We were once babies, students, apprentices, single, married, etc. Statuses change. Some of us may have even held lowly occupations or nondescript ones in the beginning, but we do move on to do other greater and more meaningful things.

But then again, for some, their terms as political persons or as professionals may have been the most defining moment of their lives, so even when their reign may be over, they continue to bask in, live and enjoy their former identities.

In my life as an adult, I have been a singer, performer, songwriter, musical arranger, columnist, author of books, teacher, environmentalist, diver, photographer, a political animal, a fighter of causes, a public person. I have also been a son, a brother, a father, husband, grandfather, neighbor, Atenean, Filipino, artist, migrant to Australia, and a host of other things.

When people ask me what I do, I often have a hard time explaining myself. People like to simplify other people and give them a handle. They like to reduce the sum total of who we are into some identifiable, common function or core competency. My consistent answer when asked to fill in a form is to put down “artist” as my occupation. The description is so broad that a person who does not know me will have to ask a few more questions to find out what I really do.

People are more diverse than we imagine them to be. Every life is a work in progress. Everything is in constant flux. Change is always happening. Every description we have of anyone is a mere snapshot. We don’t know where or what anyone is evolving into at any moment.

I find it helpful to try and describe people as audio equalizers —those gadgets that we use to arrange different sound frequencies from lowest to highest to help define how we want to listen to music. Imagine each frequency as some sort of “self-identity.” We push some frequencies higher than others. We “shape” our overall “sound” to represent ourselves to the world. Naturally, some identities will come out “louder” than others.

In the world we live in today where change is always happening, we should always be ready to call on identities within ourselves to be adaptable in every situation. In dealing with young children, for example, being an “attorney” may not mean so much. Perhaps we are better at being “father” in such situations. It takes self-awareness to do that.

In the song That’s Life, by Frank Sinatra, the lyrics go:

I’ve been a puppet, a papa, a part, a poet, a pawn and a king.

I’ve been up, down over and under, and I know one thing.

Each time I find myself flat on my face,

I just pick myself up and get back in the race.

That’s life.

The aim is to move on with grace and skill to face life situations.

Have you ever looked at yourself deeply to discover hidden talents and gifts that you possess? Sometimes, it takes tough situations for them to come out and reveal themselves to you. One of my favorite quotes from Joseph Campbell is, “Where you stumble, there lies your treasure.” It is amazing how life is designed to keep us growing and ever changing.

Jimmy Carter, who once served in the US Navy, became President of the United States, then a writer, a humanitarian, an activist and a Nobel Peace Prize winner. He has also just celebrated 65 years of marriage with his wife Rosalyn. He has also given up strongly-held opinions and views about politics, Israel and even his long-standing membership in his church to embrace greater truths as he sees them.
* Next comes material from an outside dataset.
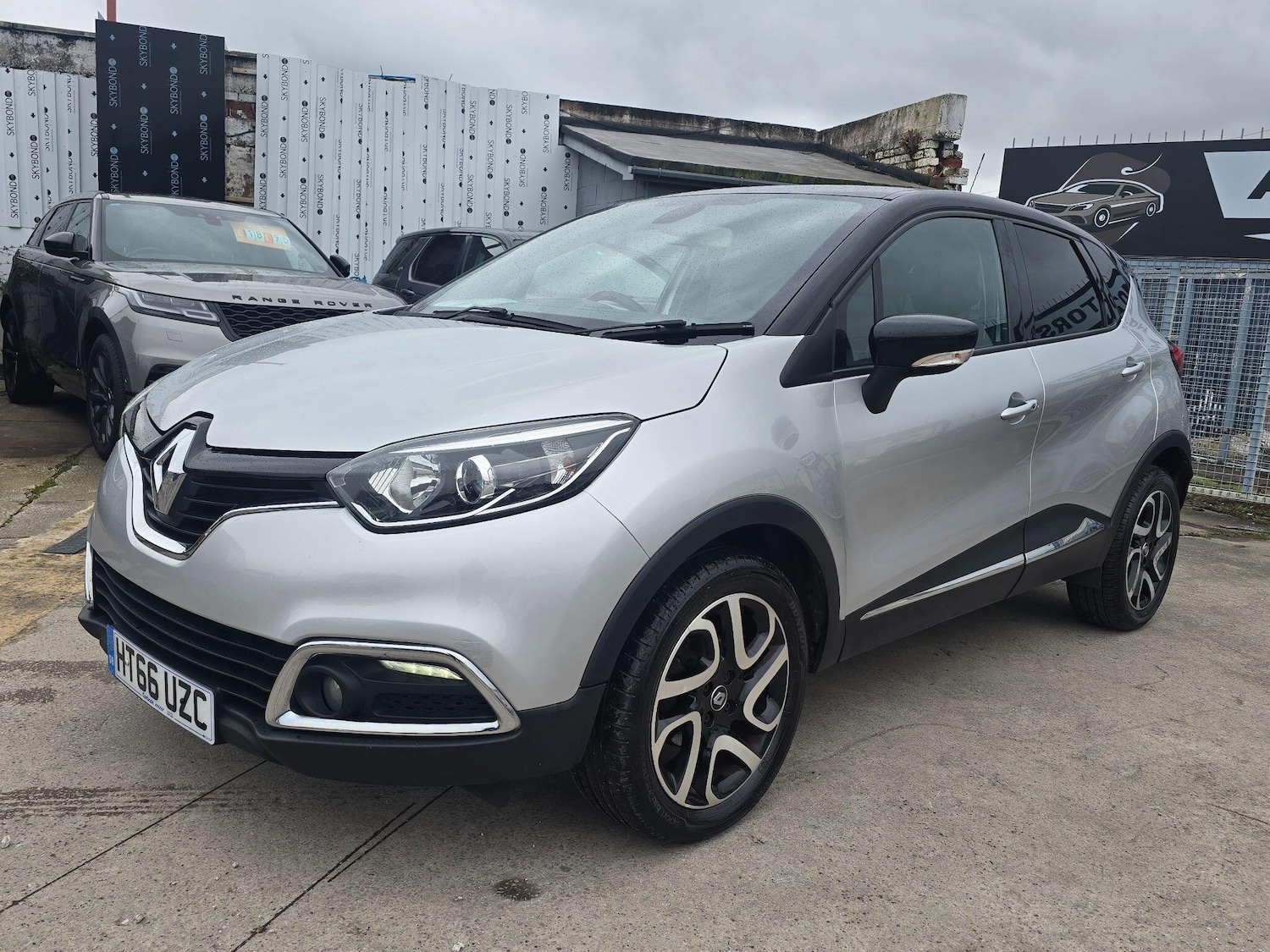 Used Renault Captur for sale - 77538568: Photo 3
Times and circumstances change. We are constantly in “beta” mode. Trust that we have it within ourselves to go with the flow, and even thrive.
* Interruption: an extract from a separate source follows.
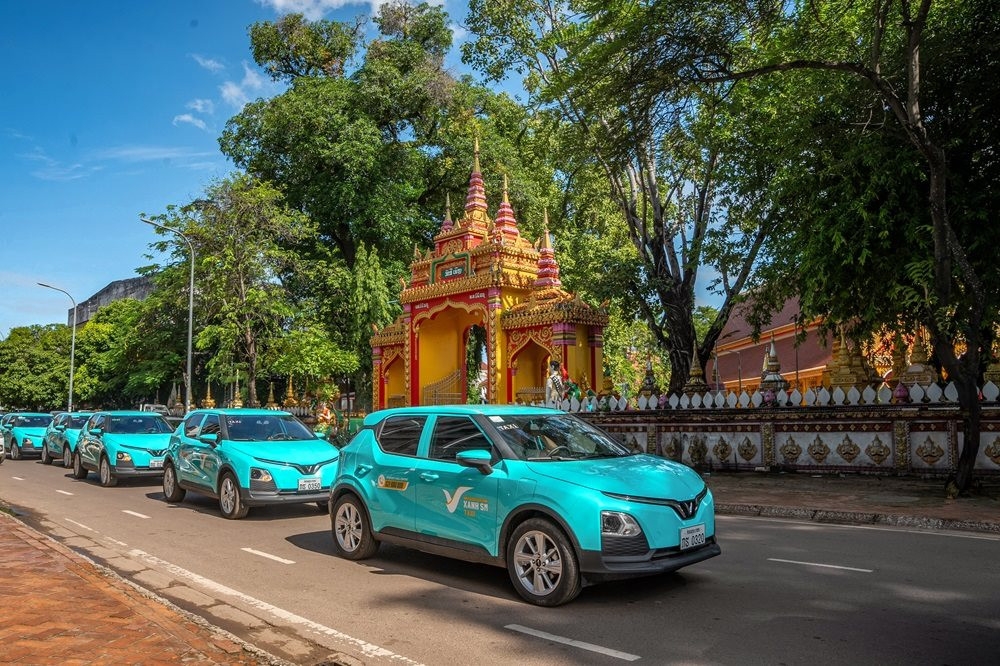 Campuchia không cấp phép cho hãng taxi điện của tỷ phú Phạm Nhật Vượng - Ảnh 1.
Our greatest contribution to the world is to know ourselves and live courageously as who we are. In real time.

My evolving family 0

Posted on July 08, 2017 by jimparedes

HUMMING IN MY UNIVERSE By Jim Paredes (The Philippine Star) | Updated July 9, 2017 –

When Lydia and I got married in 1977, our plan was to have babies three to five years after marriage. We wanted to enjoy each other and do stuff together first. We figured that a baby would tie us down too early in our marriage. To be honest, I was not too crazy about babies then. I was not in a hurry to be a dad. I knew that once we had a baby, we would have a life-long commitment to care of and raise a human being. We thought we should wait. We were young and we did not like the responsibility of parenthood just yet.
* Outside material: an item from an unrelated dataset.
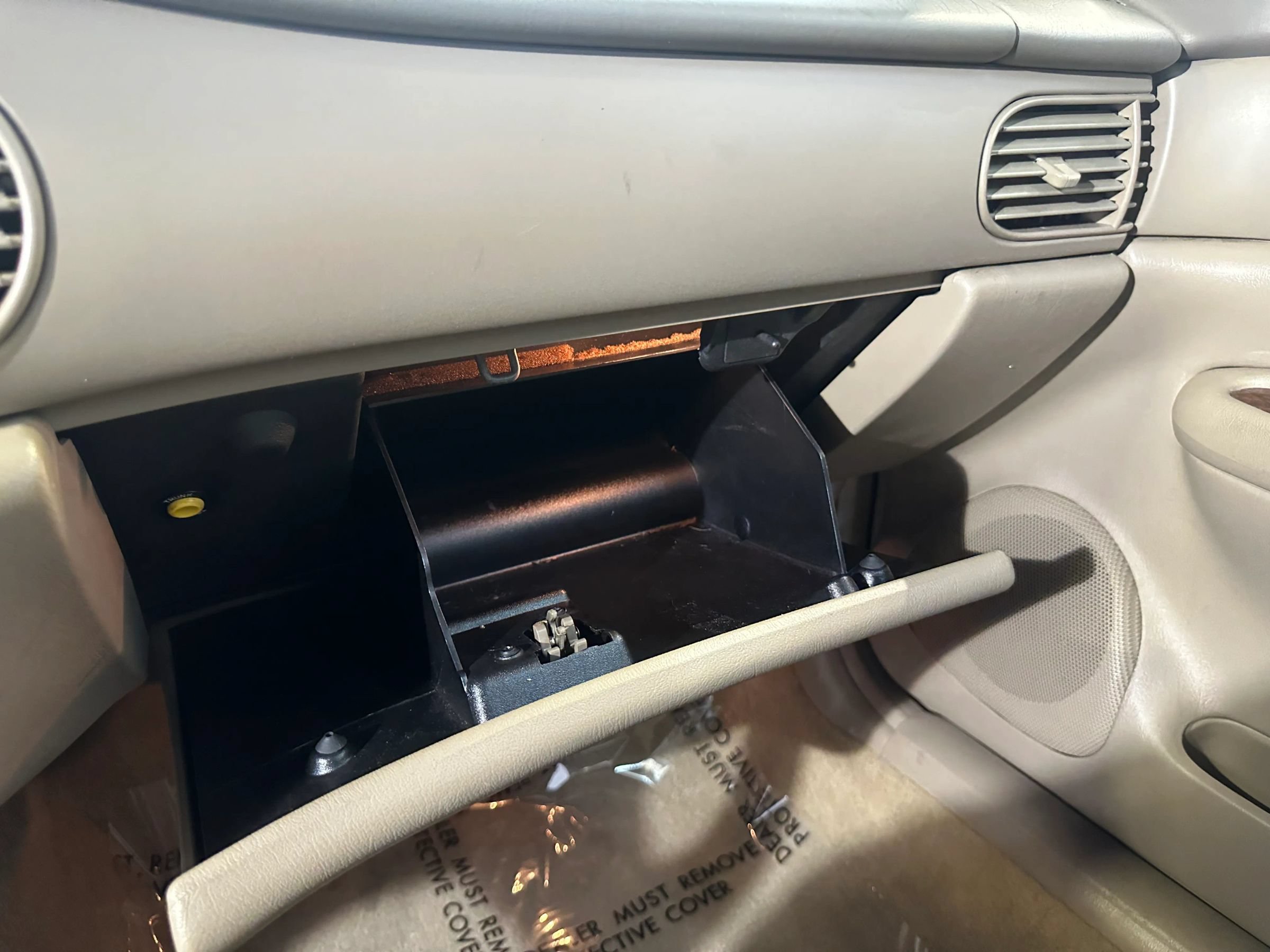 Used 2004 Buick Century Custom FWD image 19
But after just nine months of living as a couple in our small, rented apartment where we cooked, cleaned the house, went out weekly for movies, and did what newly hitched young couples do, we decided to have a baby. We felt that our life together was just too much like “playing house” or, as we say in the vernacular, “nagbabahay-bahayan”. We felt we weren’t really living the “real life.” I guess by then we were ready for a real purpose and direction. And besides, we noticed more and more of our friends were starting their families. We felt it was also time we did.

In 1979, we had Erica. Four years later, we had Ala. Five and a half years later, we had Mio. Lydia actually wanted two or three more kids. I was already content with the three ones that we had. I did not want to work harder than I already was.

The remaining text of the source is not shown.